Assigned task
Copy everything in the data below exactly except the pictures.

Stored data

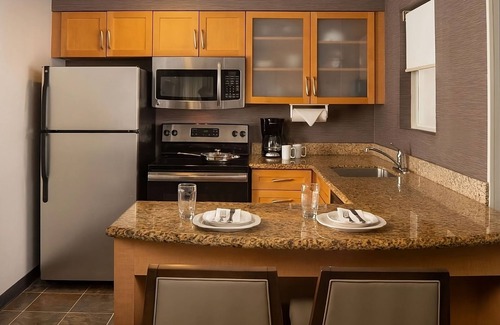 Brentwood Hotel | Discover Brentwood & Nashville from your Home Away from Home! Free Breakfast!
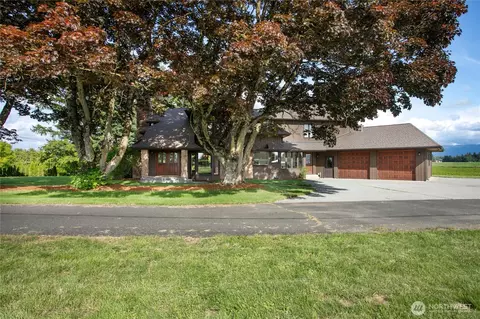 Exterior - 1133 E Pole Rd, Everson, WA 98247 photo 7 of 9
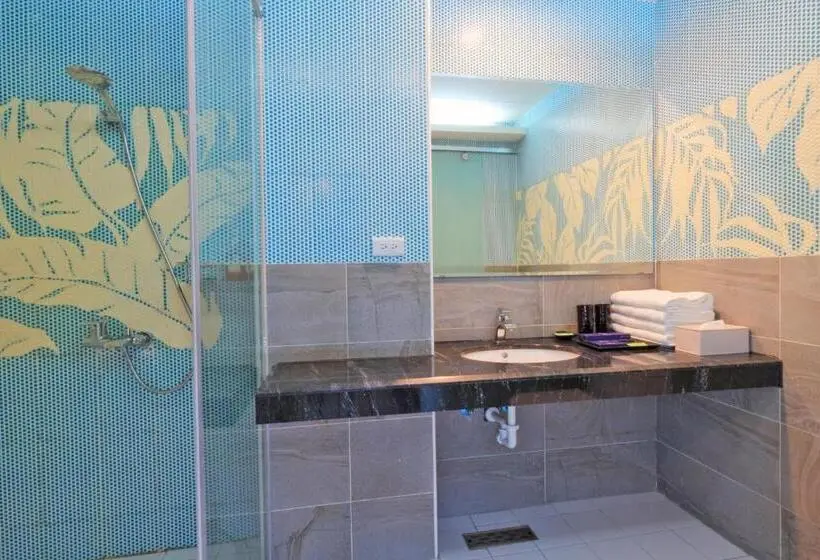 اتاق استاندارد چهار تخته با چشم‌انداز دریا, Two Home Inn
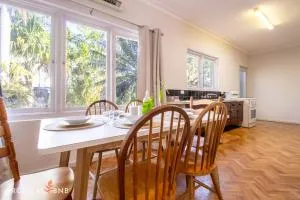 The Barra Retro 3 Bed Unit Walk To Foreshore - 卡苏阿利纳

Answer to this task
 Brentwood Hotel | Discover Brentwood & Nashville from your Home Away from Home! Free Breakfast!
 Exterior - 1133 E Pole Rd, Everson, WA 98247 photo 7 of 9
 اتاق استاندارد چهار تخته با چشم‌انداز دریا, Two Home Inn
 The Barra Retro 3 Bed Unit Walk To Foreshore - 卡苏阿利纳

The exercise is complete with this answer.